Ironically, one Ministry that may no longer be involved would be the Ministry of Transport. Remember, the Public Land Transport Commission will combine the Road Transport Department and Department of Railways and put them into the Prime Minister’s Department. All that might be left of the Ministry of Transport would be the departments that handle water and air transport.
So will SPAD improve public transport? The answer is, not immediately and probably not for some time to come. Initially, SPAD will be busy sorting out the massive bureaucracy and politics associated with its creation. Then, there will be the challenge of coordinating with the other ministries and agencies that it will still have to deal with. Then, SPAD will have to figure out how to make a difference at the regional and local levels.

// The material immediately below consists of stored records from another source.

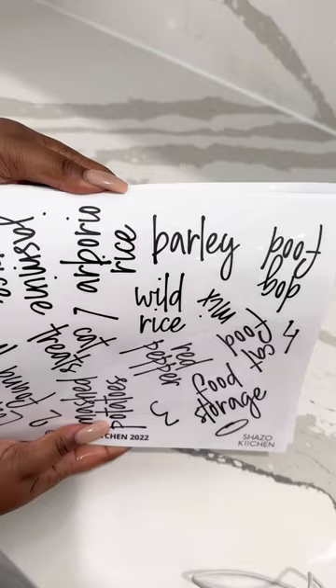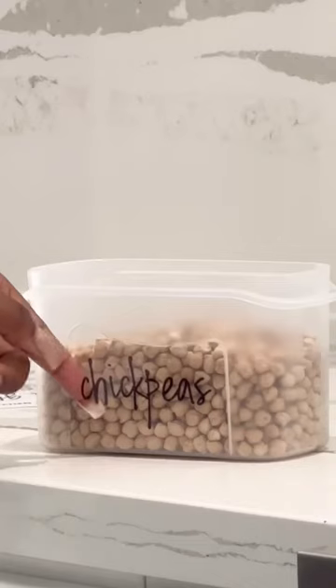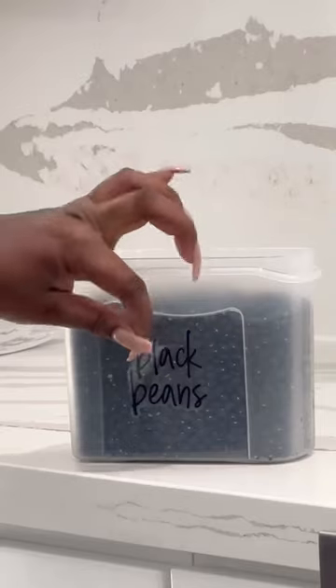But in the meantime, I'm getting some things organized with these labels and organizers from Shazo Shop. Feel free to check them out.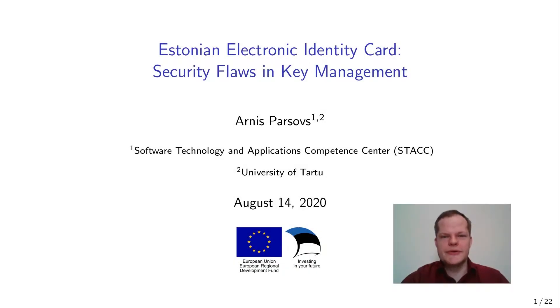Hello everyone. I'm Arnys Paršovs from the University of Tartu. I will give you a brief overview of our research on the security flaws in the key management of the Estonian electronic identity card.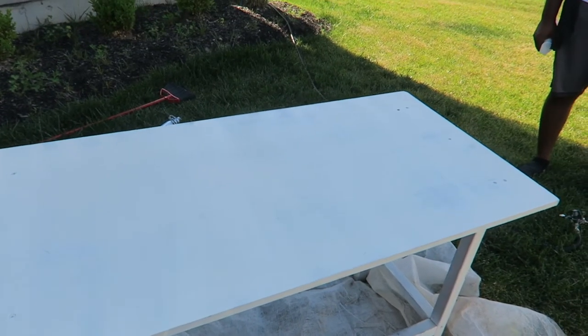So after two-ish, right? Two layers of paint, this is what it's looking like. And as you can see, it's a drastic improvement from what it looked like before. So we're just going to wait a few minutes before applying the next coat, but it literally looks like a way different table. Brand new.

This process will take time, perhaps years. And what will happen to public transport during that period? Will it continue to muddle along with inconsistency between planning and action, poor enforcement, incomplete networks and costly infrastructure? Not to mention the continuation of the unhealthy competition that is eating the industry alive?
When I suggested to the government to create a National Public Transport Authority, I imagined a coordinating body that would set national standards for the planning and operations of public transport. The National Authority would provide the necessary infrastructure funding and support to Local Public Transport Authorities and Regional Public Transport Authorities. At first, these authorities would regulate and plan public transport at a local level.

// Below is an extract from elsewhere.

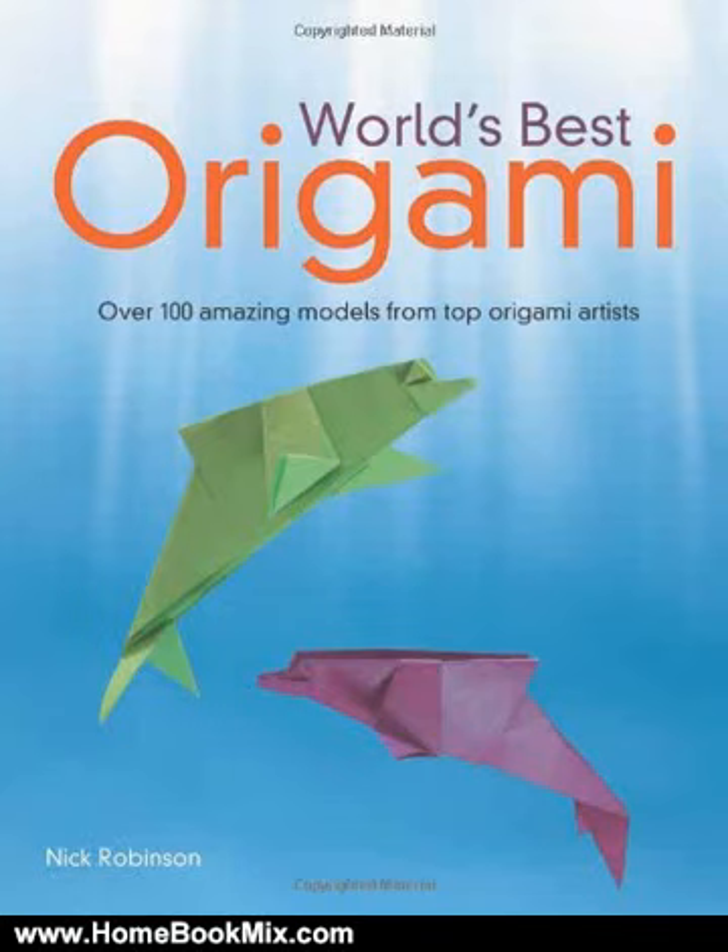This is the summary of World's Best Origami by Nick Robinson. Join the fold and discover this timeless art form. World's Best Origami is an amazing collection of more than 100 of the most unusual and best-loved origami patterns ever created.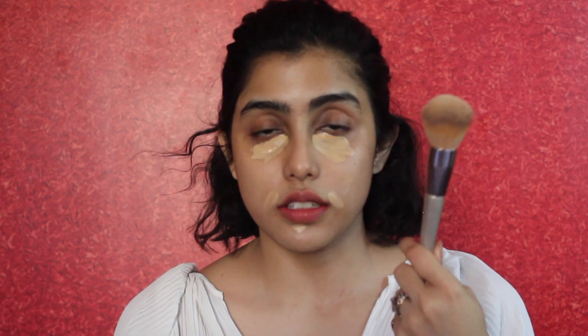This is all the foundation I'm going to use. I'm going to blend it with a brush — a random brush I got from Shein, a synthetic dense dome brush. I want to use a brush because it gives more coverage. Since this is already a lighter foundation, I want the coverage to stay, and a sponge will just eat up all the product.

Initally the authorities would work to improve public transport first by addressing the basic inefficiencies and weaknesses of the entrepreneurial model. The second step would be to coordinate public transport and roads and highways, taking advantage of synergy between these modes of transport for better overall mobility for more people.
What seems to be happening is the opposite. Despite the talk about a Rakyat-centred approach and asking for public feedback, the government is taking the top-down approach. The initial planning for the role of SPAD has focused on the centralization of public transport in the Prime Minister’s Department in Putrajaya. The decisions that are being made are not public or transparent at this point, and people are forced to adopt a “wait-and-see” approach.
Unfortunately, the “wait-and-see” approach cannot work. We simply cannot afford to ignore problems that exist on a day to day level. The best practices for public transport all focus on separation of regulation and operation, planning at the regional level, and contracting out of services. These practices must be adopted in Malaysia with or without the Public Land Transport Commission.